Work instruction → Go through the listing below and write out exactly the lines from the one that mentions "Man wearing a" through the one that mentions "Two Kia Syros", minus the pictures.

======== Supplied material

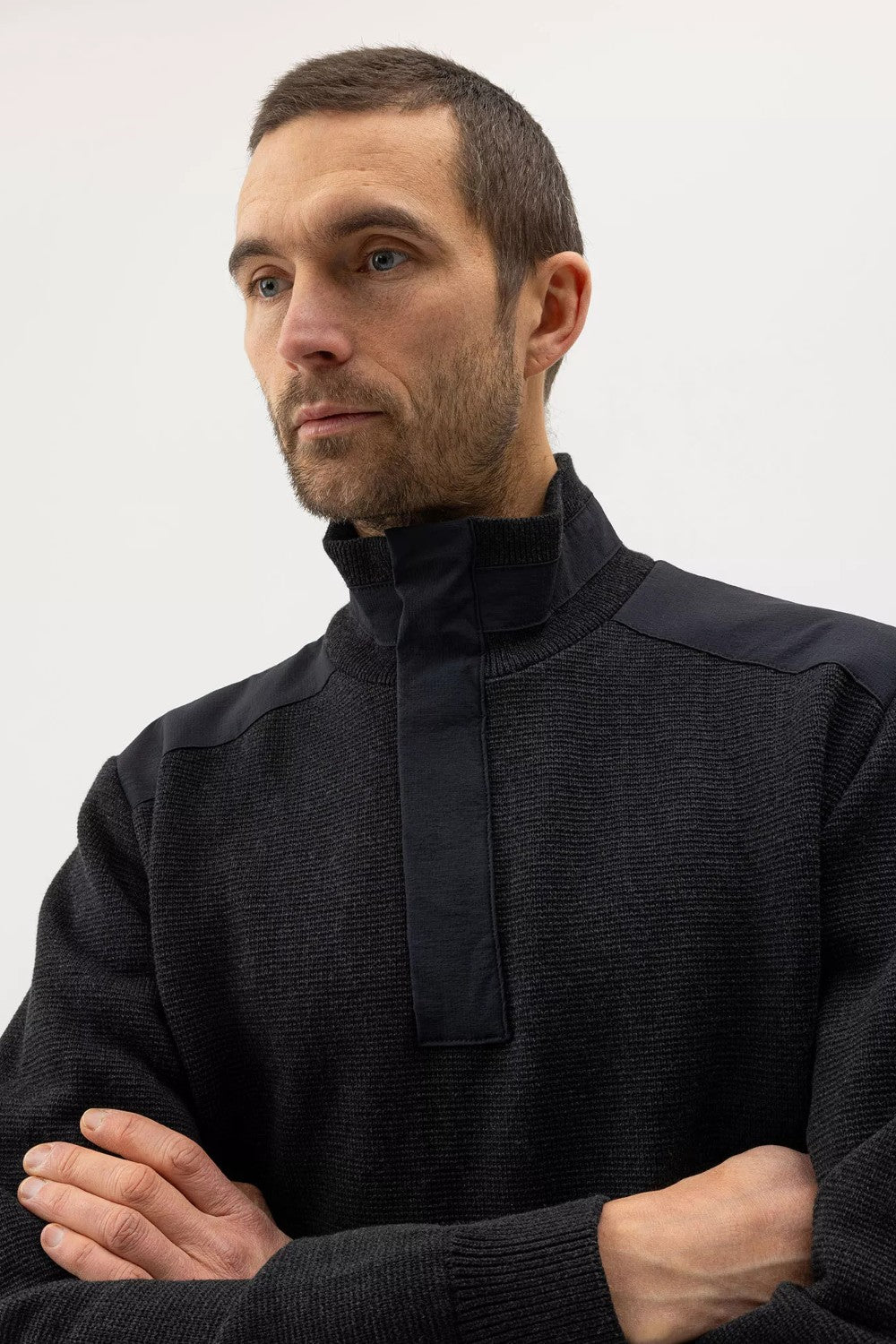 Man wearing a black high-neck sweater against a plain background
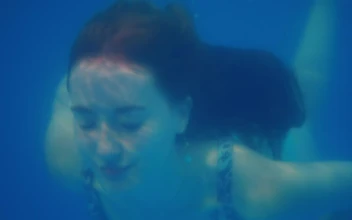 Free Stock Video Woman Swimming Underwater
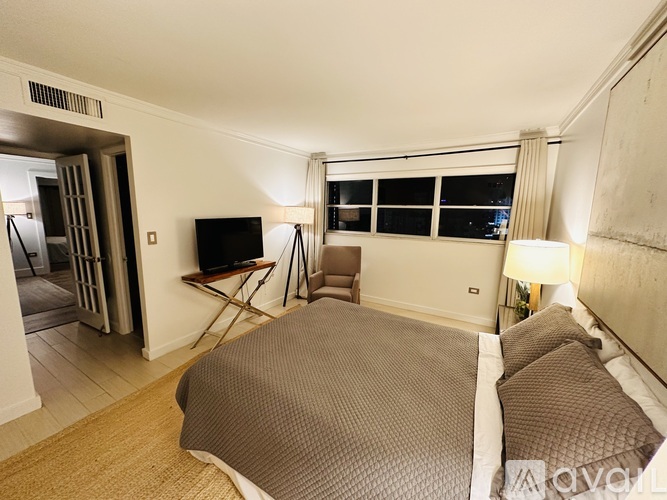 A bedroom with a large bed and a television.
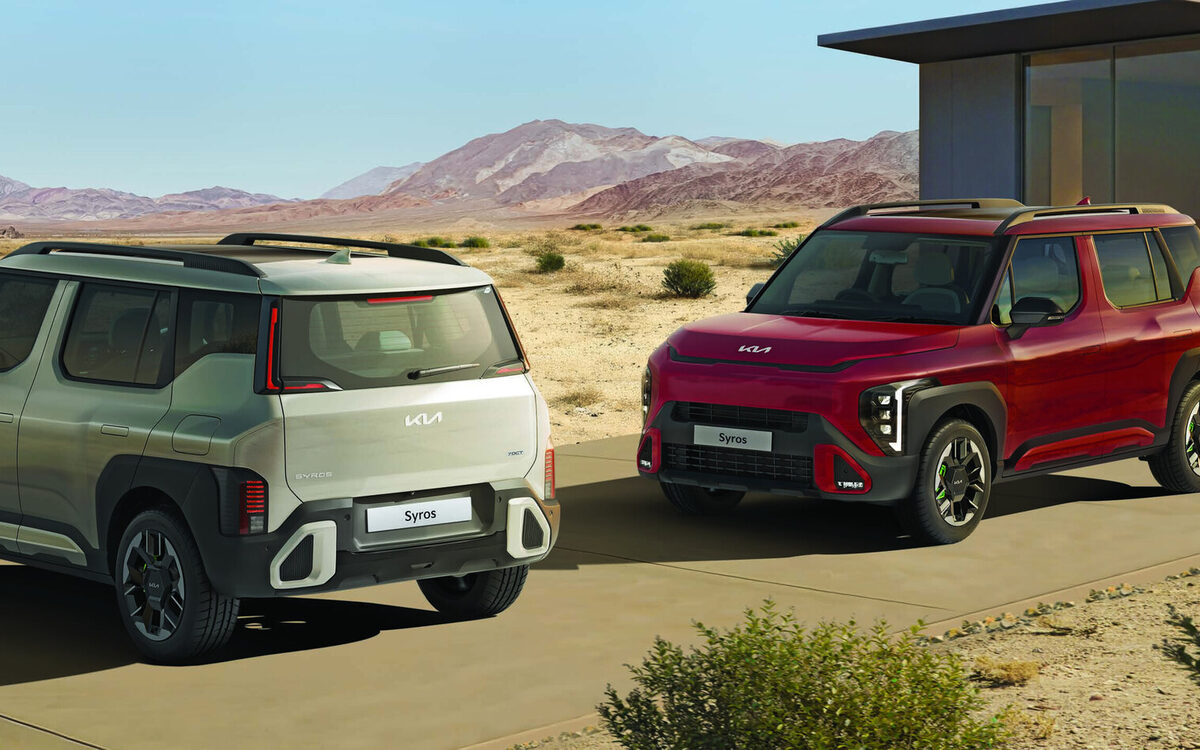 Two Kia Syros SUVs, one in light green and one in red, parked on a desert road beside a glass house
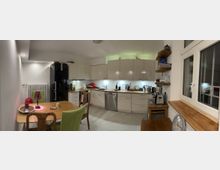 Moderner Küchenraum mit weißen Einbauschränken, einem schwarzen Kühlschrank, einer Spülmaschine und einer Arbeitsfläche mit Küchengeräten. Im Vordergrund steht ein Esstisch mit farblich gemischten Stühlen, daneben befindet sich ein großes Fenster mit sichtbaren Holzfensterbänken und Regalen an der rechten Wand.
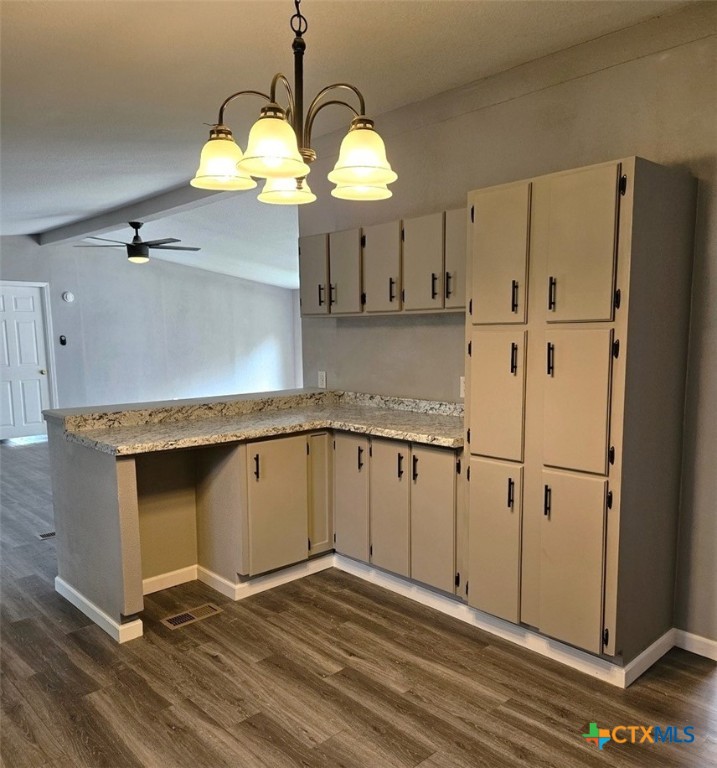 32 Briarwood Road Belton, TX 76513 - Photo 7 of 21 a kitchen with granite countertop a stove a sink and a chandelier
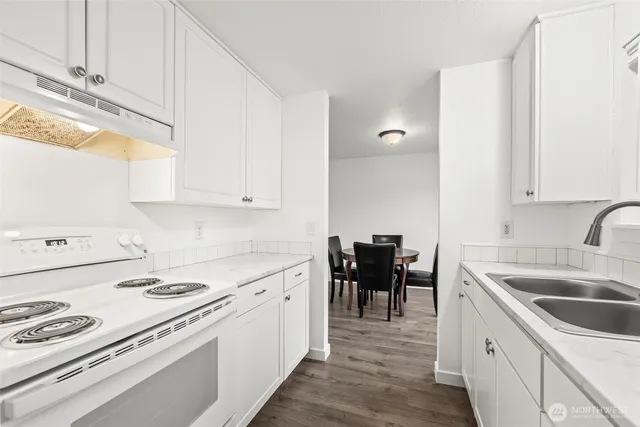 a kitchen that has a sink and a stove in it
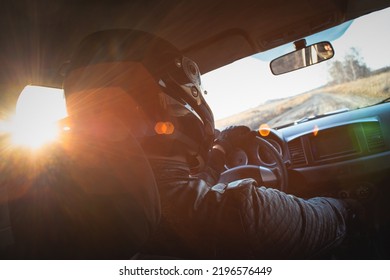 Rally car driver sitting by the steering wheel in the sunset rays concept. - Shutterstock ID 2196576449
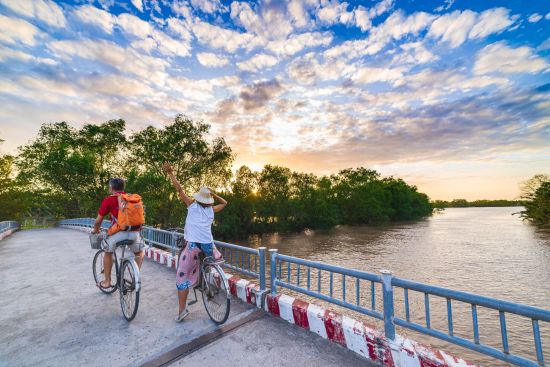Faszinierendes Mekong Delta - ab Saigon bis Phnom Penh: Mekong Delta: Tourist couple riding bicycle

================
======== Supplied material

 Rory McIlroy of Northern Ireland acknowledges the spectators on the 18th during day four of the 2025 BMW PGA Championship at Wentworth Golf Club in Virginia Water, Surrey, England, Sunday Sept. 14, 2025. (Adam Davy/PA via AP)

================

Answer for this exercise →
 Man wearing a black high-neck sweater against a plain background
 Free Stock Video Woman Swimming Underwater
 A bedroom with a large bed and a television.
 Two Kia Syros SUVs, one in light green and one in red, parked on a desert road beside a glass house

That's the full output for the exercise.